_Work instruction_
Among the entries below, which lines run from the line with "PHOENIX Schraubendreher Schlitz" through the line with "Aladdin - Genie"? Retype those, both ends included, exactly and without pictures.

_Materials provided_
=-=-=
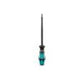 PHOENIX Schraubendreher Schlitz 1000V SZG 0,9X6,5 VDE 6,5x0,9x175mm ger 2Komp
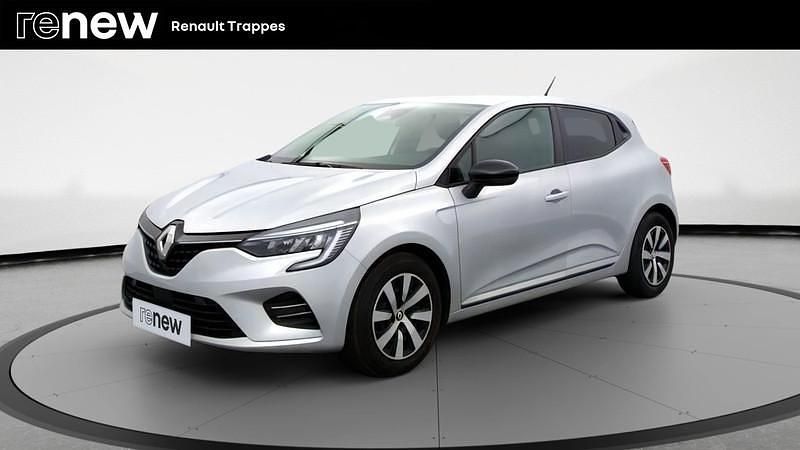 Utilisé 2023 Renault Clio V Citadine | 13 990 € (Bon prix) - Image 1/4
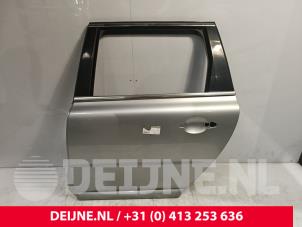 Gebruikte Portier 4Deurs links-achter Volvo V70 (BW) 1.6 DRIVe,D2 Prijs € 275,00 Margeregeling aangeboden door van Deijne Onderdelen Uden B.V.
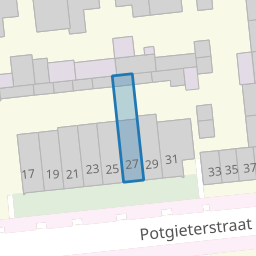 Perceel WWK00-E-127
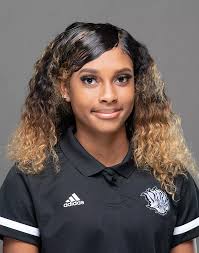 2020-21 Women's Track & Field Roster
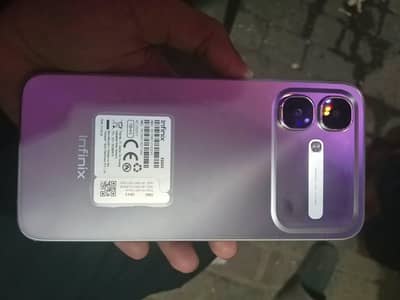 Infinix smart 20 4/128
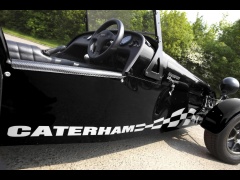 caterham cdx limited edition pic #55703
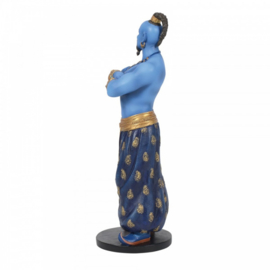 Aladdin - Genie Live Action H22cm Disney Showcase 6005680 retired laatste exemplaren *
=-=-=
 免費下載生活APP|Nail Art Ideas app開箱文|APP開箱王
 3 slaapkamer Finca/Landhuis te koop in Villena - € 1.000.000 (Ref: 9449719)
=-=-=
_Answer space_
 PHOENIX Schraubendreher Schlitz 1000V SZG 0,9X6,5 VDE 6,5x0,9x175mm ger 2Komp
 Utilisé 2023 Renault Clio V Citadine | 13 990 € (Bon prix) - Image 1/4
 Gebruikte Portier 4Deurs links-achter Volvo V70 (BW) 1.6 DRIVe,D2 Prijs € 275,00 Margeregeling aangeboden door van Deijne Onderdelen Uden B.V.
 Perceel WWK00-E-127
 2020-21 Women's Track & Field Roster
 Infinix smart 20 4/128
 caterham cdx limited edition pic #55703
 Aladdin - Genie Live Action H22cm Disney Showcase 6005680 retired laatste exemplaren *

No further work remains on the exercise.